Nearly half a million customers remain without power in Puerto Rico more than four months after Hurricane Maria battered the US territory, according to the island's electric power authority.
Still, the beleaguered Puerto Rico Electric Power Authority, or PREPA, announced what it called a "major milestone" in the recovery from the September storm, with the restoration of power to more than 1 million clients Wednesday.
"We still have several hundred thousand residents and business owners who remain without power, which is unacceptable," Justo Gonzalez, PREPA's interim executive director, said in a statement.
More than 450,000 customers remain in the dark, the utility said.
A government website said Thursday that 68.25% of the utility's customers have power.
The utility has said customers include residential, commercial and industrial clients. It's unclear how many individual people continue to struggle through Maria's aftermath in darkness.
Puerto Rico's 3.4 million citizens have endured months of hardship since Maria made landfall on September 20 with 155 mph winds.
Thousands still await government-issued tarps as temporary replacements to roofs blown away by the storm.

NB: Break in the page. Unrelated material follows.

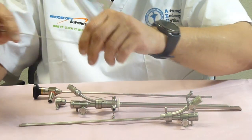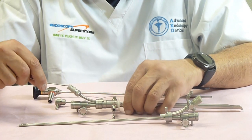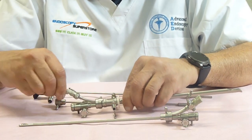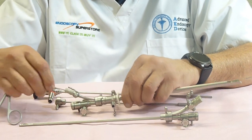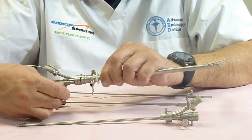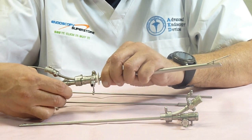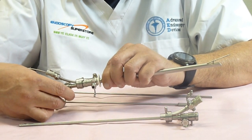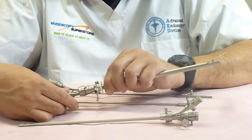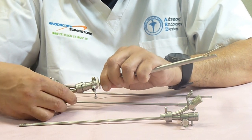The advantage of having a deflecting bridge is that when you want to take a biopsy or grab something on the floor or the roof of the bladder, you can just deflect it and be able to do what you need to do. You can grasp something, put a laser fiber in there, put an injection needle, put a Bugbee, and direct it to whatever angle you want.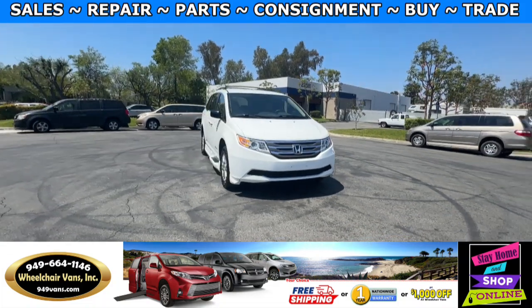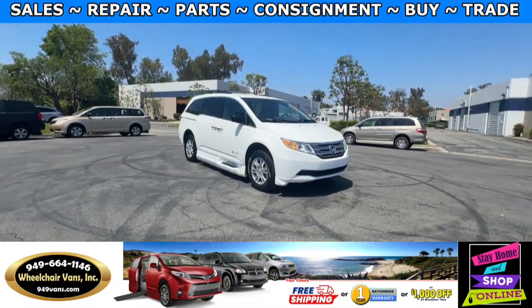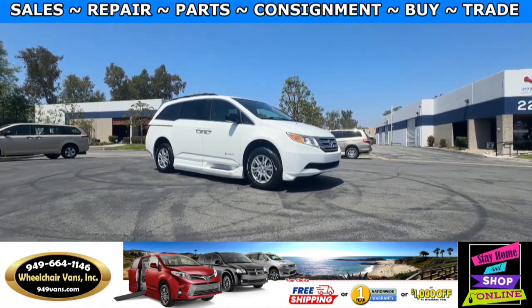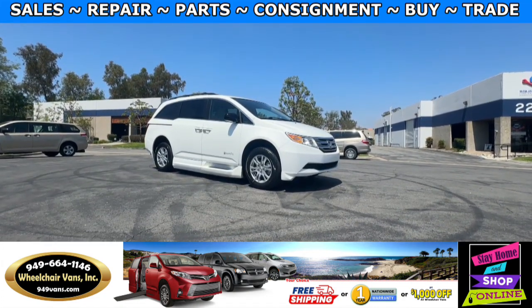Hello and welcome to Wheelchair Vans Inc. Today I'll be going over a 2013 Honda Odyssey equipped with the BraunAbility Power Foldout Ramp.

More than 170 displaced residents remain in nine shelters across the island, while nearly 900 others have been temporarily put up in hotels by the Federal Emergency Management Agency.
The PREPA statement said it is working with state and federal agencies, including the US Army Corps of Engineers and FEMA, as well as power industry contractors "to execute an aggressive plan to advance the restoration."
PREPA came under fire late last year after entering into a controversial $300 million contract with Whitefish Energy, a small Montana-based firm that employed two people when the storm hit.
Hurricane Maria was a Category 4 hurricane when it struck Puerto Rico. It was the strongest storm to hit the island in 85 years and left much of it without power or water.